SOURCE MATERIAL:
+++++
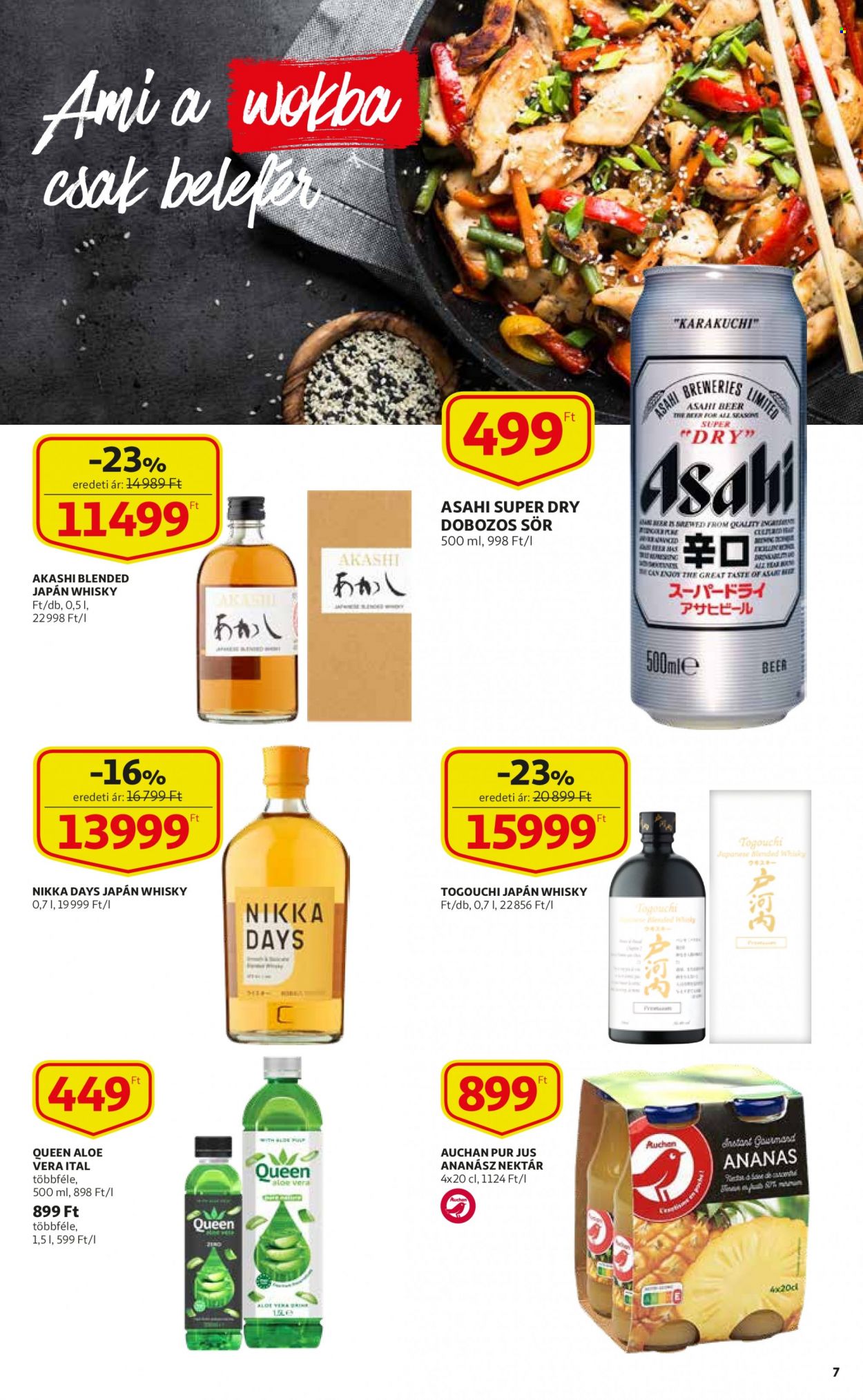 Auchan akciós újsága  - 2023.01.19 - 2023.02.01 - Akciós termékek - ananász, sör, dobozos sör, Asahi, Aloe vera, aloe vera ital, whisky, Pur.  7. Oldal
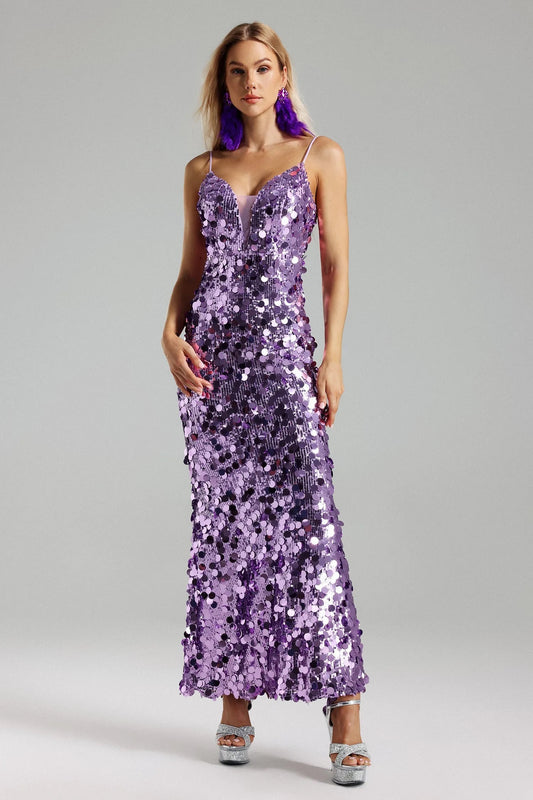 Mia sequin purple maxi dress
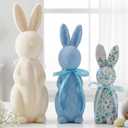 Wesiti 3 Pack Flocked Bunny Easter Decorations 9/10/13 Inch Flocked Bunny Figurines with Bow Tie Spring Easter Tabletop Centerpieces Rabbit Statue for Home Indoor Table Shelf Decor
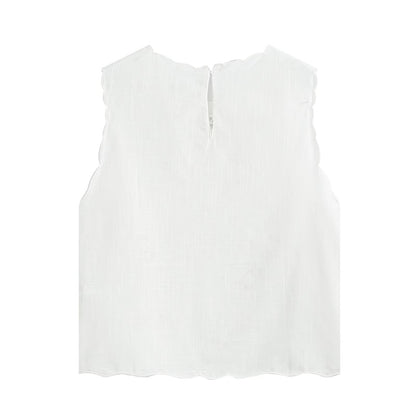 Simple Solid Color Artistic Embroidery Sleeveless Vest
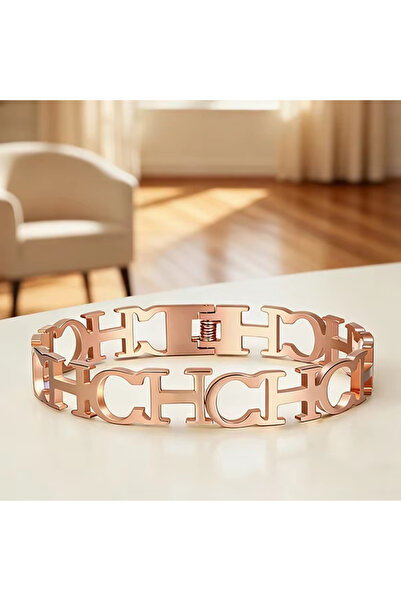 Choice SZ-RED CH H Letter Open Cuff Bracelet Geometric Shape Spring Closure G...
+++++
From the line containing "Wesiti 3 Pack" down to the end of the listing above, every line is to be returned exactly, though the pictures are not.

RESPONSE TO THIS TASK:
 Wesiti 3 Pack Flocked Bunny Easter Decorations 9/10/13 Inch Flocked Bunny Figurines with Bow Tie Spring Easter Tabletop Centerpieces Rabbit Statue for Home Indoor Table Shelf Decor
 Simple Solid Color Artistic Embroidery Sleeveless Vest
 Choice SZ-RED CH H Letter Open Cuff Bracelet Geometric Shape Spring Closure G...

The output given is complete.